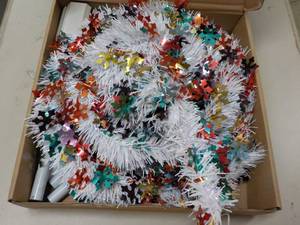 lot 154 image: Pop Up Xmas Tree...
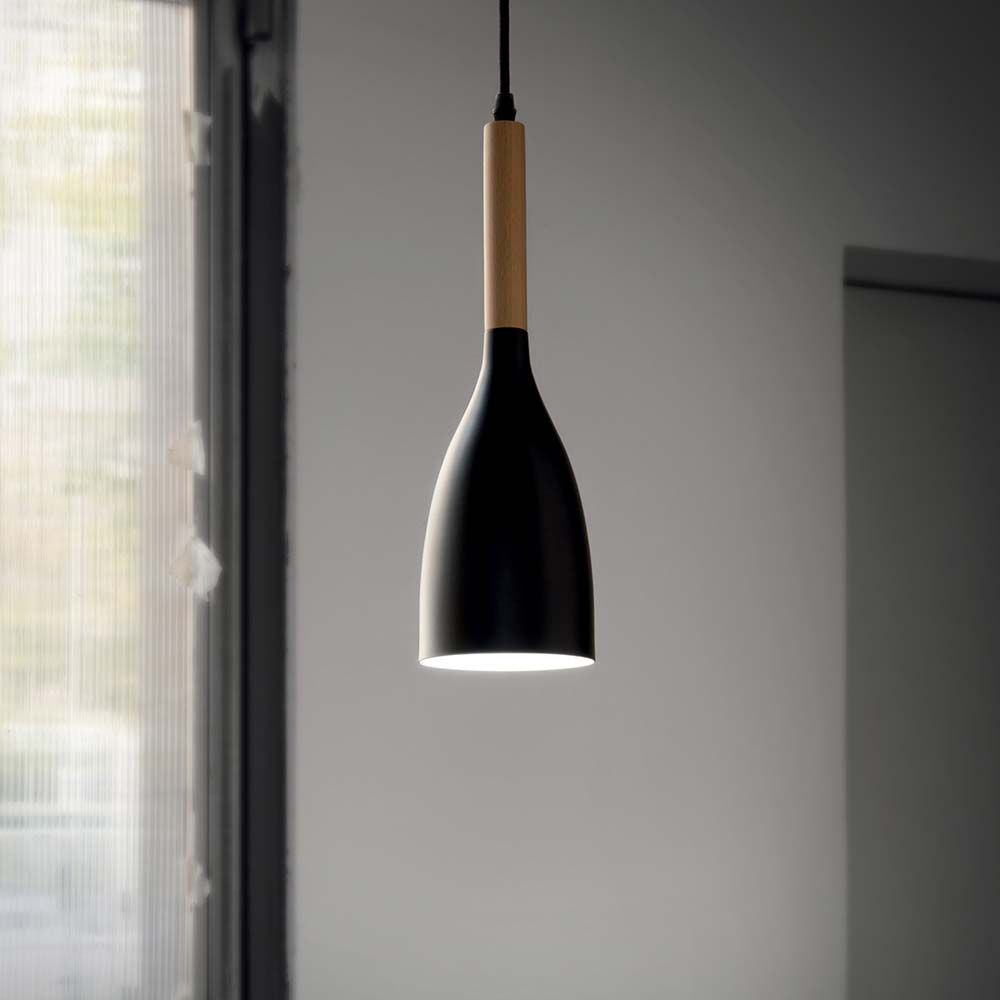 Hängeleuchte Manhattan Sp1 Schwarz mit modernem Design und Holzgriff, ideal für stimmungsvolle Beleuchtung.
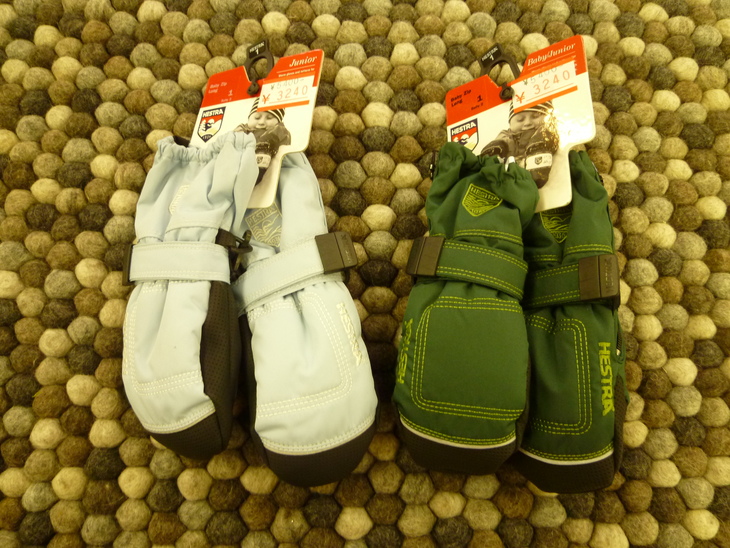 特価のヘストラのグローブを入荷だと!?_d0198793_12222378.jpg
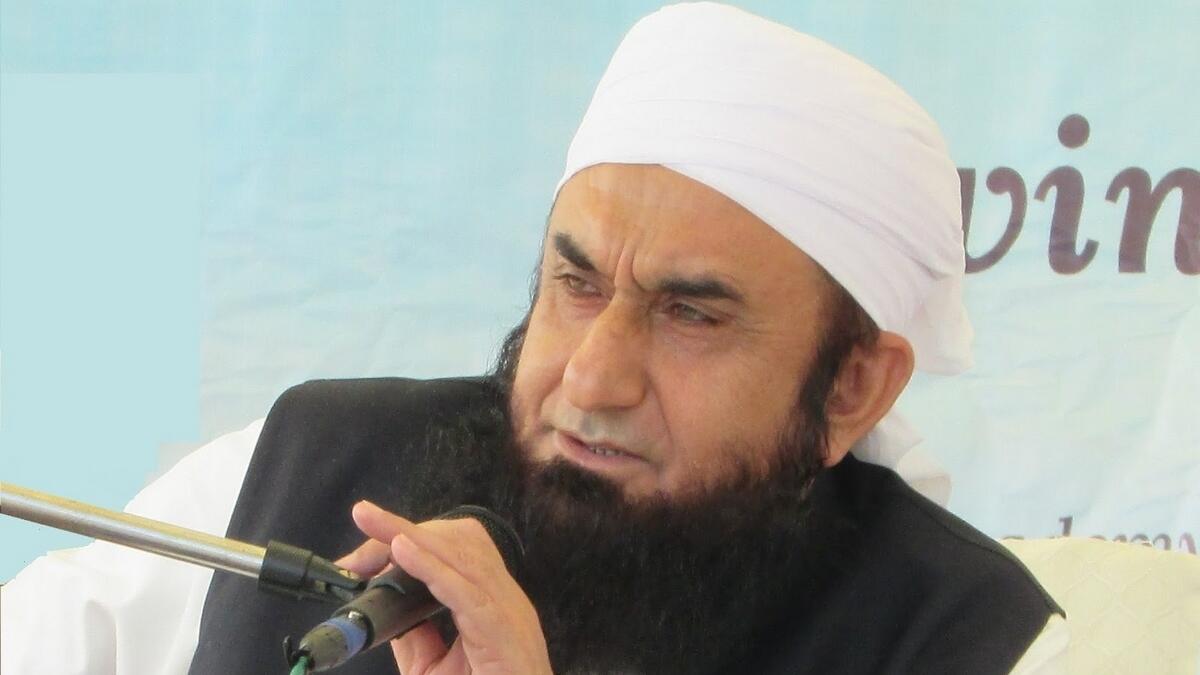 Religious scholar Maulana Tariq Jameel taken off flight - News ...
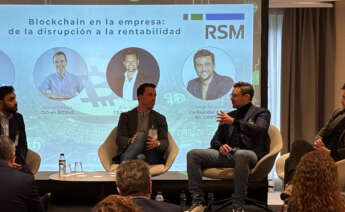 Jorge Soriano, CEO y fundador de Criptan, David Ortega, CIO de Bit2Me y Eric Sánchez, CEO y cofundador de Reental, en una mesa redonda sobre blockchain y cripto organizada por APD.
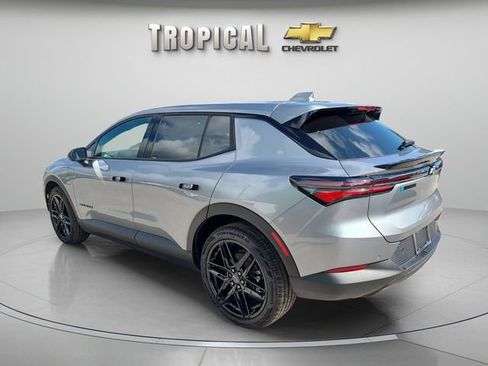 New 2026 Chevrolet Equinox EV LT image 3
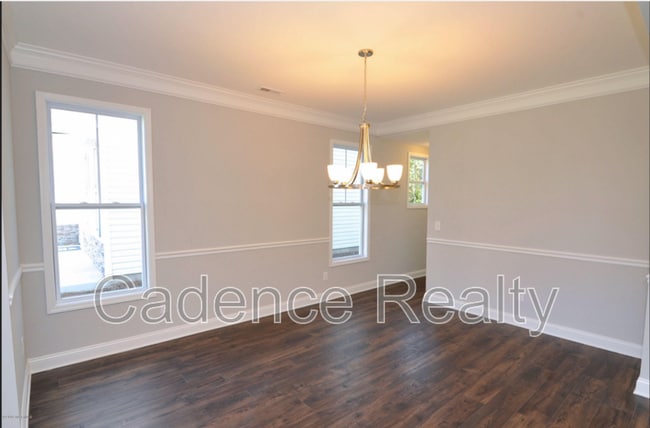 Building Photo - 3255 Kellerton Pl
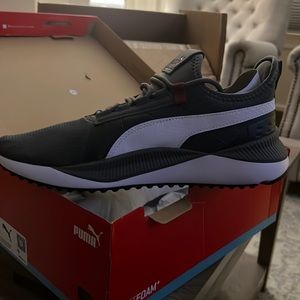 New in box puma shoes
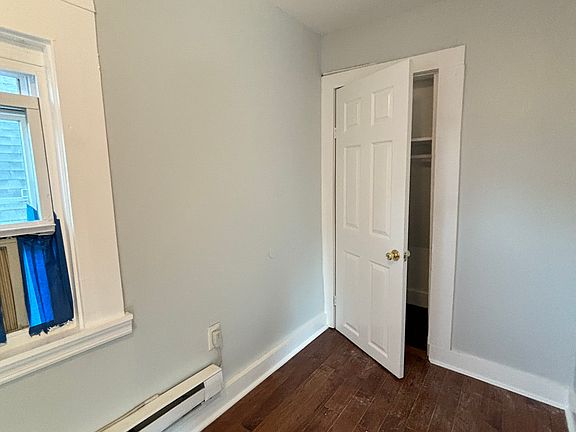 4th image of 159 N 12th St Floor 3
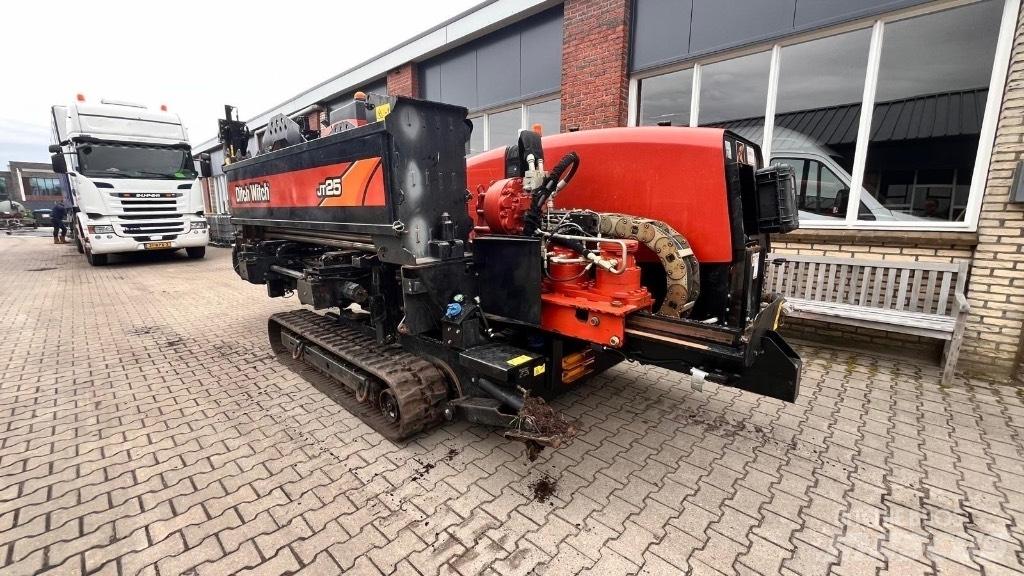 Ditch Witch JT 25 水平定向钻井设备
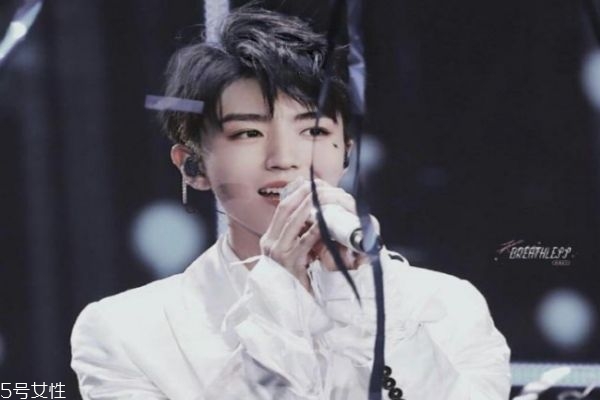 錫紙燙多少錢 錫紙燙怎么打理 錫紙燙多少錢 錫紙燙怎么打理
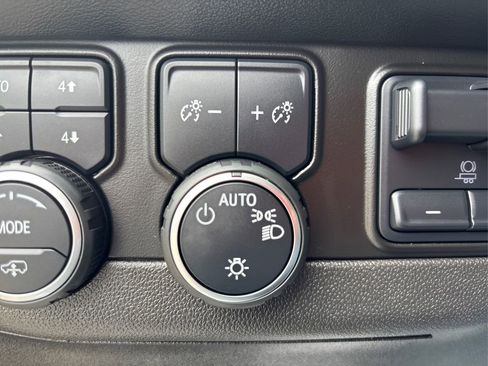 Used 2022 Chevrolet Tahoe Z71 w/ Off-Road Capability Package image 27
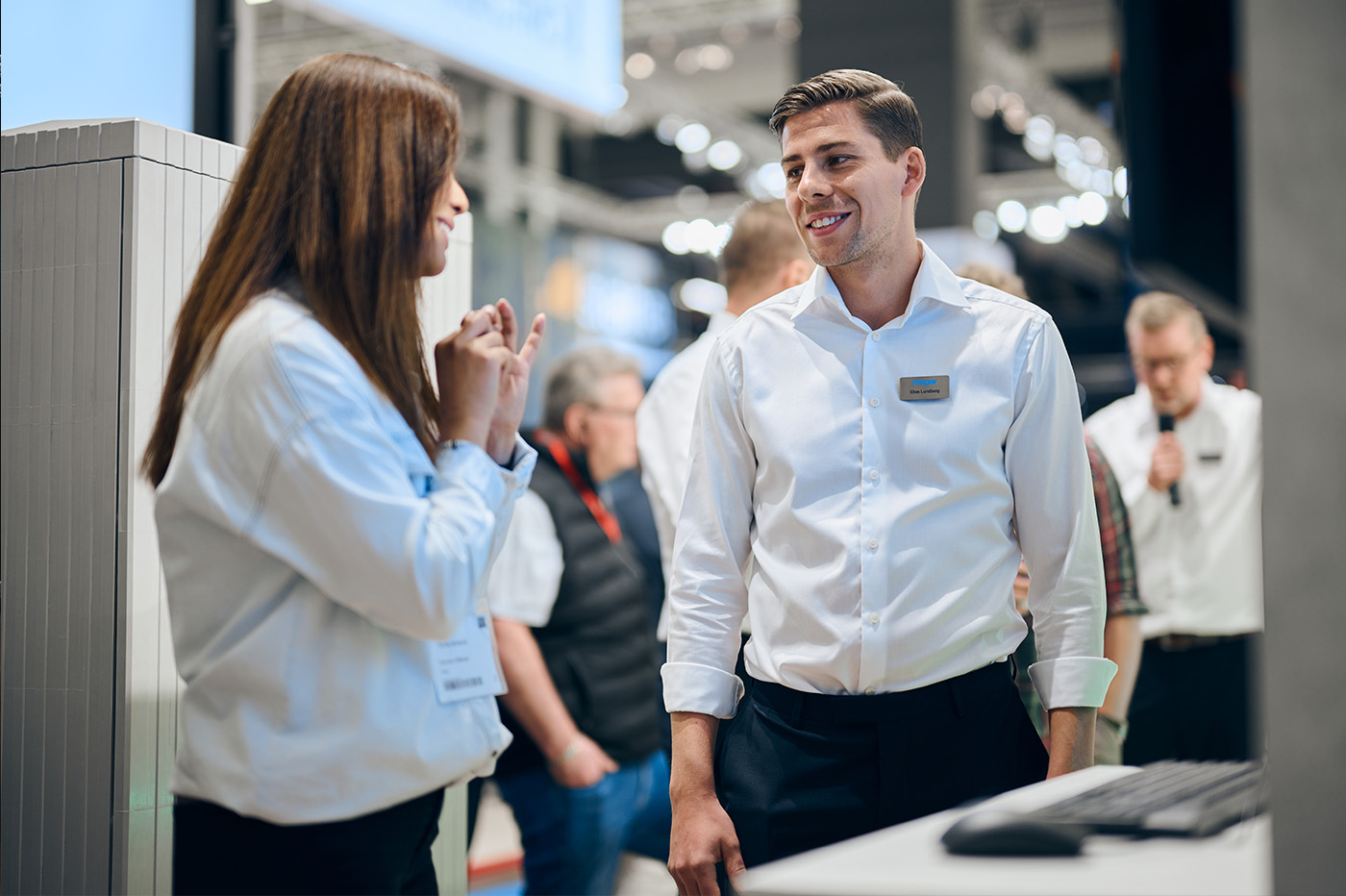 Besökare och utställare på Elfack.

#####

Start with the line holding "4th image of 159 N 12th St Floor 3" and repeat exactly every line through the final line of the records above, but no pictures and nothing more.

 4th image of 159 N 12th St Floor 3
 Ditch Witch JT 25 水平定向钻井设备
 錫紙燙多少錢 錫紙燙怎么打理 錫紙燙多少錢 錫紙燙怎么打理
 Used 2022 Chevrolet Tahoe Z71 w/ Off-Road Capability Package image 27
 Besökare och utställare på Elfack.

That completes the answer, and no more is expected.